How buyers can use sold items before making an offer
Buyers can use sold listings to negotiate with confidence. If a seller lists an item for $120 but recent similar items sold for $80 to $95, you can make a realistic offer instead of guessing.
Do not send rude messages like “This is worth $80, not $120.” Sellers love that about as much as a paper cut.
A better approach: make a fair offer based on the market and move on if the seller refuses. You do not need to educate them unless they asked.
For auctions, sold listings help set your max bid. If similar items sell between $50 and $65, decide your ceiling before bidding. This prevents last-minute auction fever, a condition with no known cure except self-respect.
Buyer use cases
| Buyer goal | How sold items help |
|---|---|
| Avoid overpaying | Compare actual recent sale prices |
| Make offer | Base offer on real comps |
| Set auction limit | Decide max bid before emotions hit |
| Check rarity | See how often item sells |
| Compare condition | Avoid paying mint price for flawed item |
| Spot fake discounts | Active “sale” may still exceed sold prices |
| Check shipping impact | Compare total price |
| Time purchase | Watch seasonal price patterns |
A buyer with sold-price data is harder to manipulate with fake scarcity.
How sellers can use sold items for sourcing
Resellers use sold items to decide what to buy, what to skip, and how much to pay.
At a thrift store, garage sale, or clearance rack, search the item, filter for sold, and compare recent prices. Then estimate costs: purchase price, shipping supplies, eBay fees, promoted listing costs, returns, time, and risk.

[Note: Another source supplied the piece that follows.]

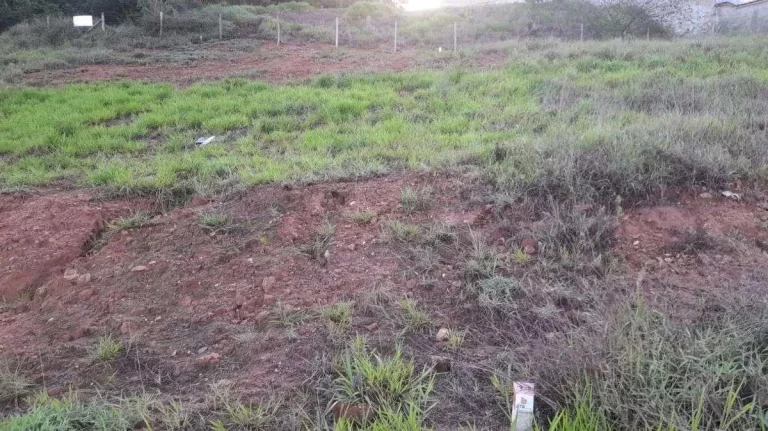 Imagem Lote à venda em Barbacena, SERRA VERDE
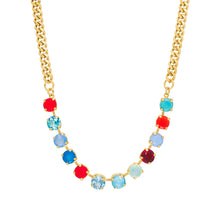 TOVA Mini Oakland Necklace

A product that sells for $30 may not be worth buying for $18 if shipping costs and fees eat the margin. A product that sells for $75 may still be bad if it sells only once every three months.
Sourcing decision table
| Research signal | What it tells you |
|---|---|
| Many recent sold listings | Strong demand |
| Few sold listings | Slow mover or rare item |
| Many active listings, few sold | Oversupply or weak demand |
| High sell-through | Better sourcing candidate |
| Low sell-through | Riskier inventory |
| High shipping cost | Margin pressure |
| High return category | Extra risk |
| Condition-sensitive item | Buy only if clean/complete |
| Seasonal sales | Timing matters |
| Price spread | Need accurate condition match |
Sourcing needs both price and velocity. A rare item with a high price but no buyers can become shelf decor.
How to estimate sell-through from sold items
Sell-through compares sold listings with active listings. It helps you judge demand.
A simple version:
Search your item. Check active listings. Then check sold listings for the same search. If there are 100 active listings and 10 sold in the last 90 days, demand looks weak. If there are 20 active listings and 80 sold, demand looks strong.
This is not perfect, but it helps.
Sell-through examples
| Active listings | Sold listings | Signal |
|---|---|---|
| 100 | 5 | Weak demand or overpriced market |
| 100 | 50 | Moderate demand |
| 100 | 150 | Strong demand |
| 20 | 80 | Very strong demand |
| 5 | 1 | Rare or low-demand item |
| 5 | 20 | Scarce and in demand |
| 300 | 10 | Oversupplied |
| 30 | 0 | Avoid unless rare research says otherwise |
Sell-through helps answer a better question than price: “Will this actually move?”
Auction vs Buy It Now sold listings
Auction and Buy It Now sales can show different buyer behavior.
Auctions work well for items with strong demand, collectors, rare pieces, and products where buyers compete. They can also underperform if the listing ends at a bad time, has weak photos, poor title keywords, or too few watchers.
Buy It Now works well for common items, repeatable inventory, and sellers who want price control. It may take longer, but it can produce higher prices when the seller waits.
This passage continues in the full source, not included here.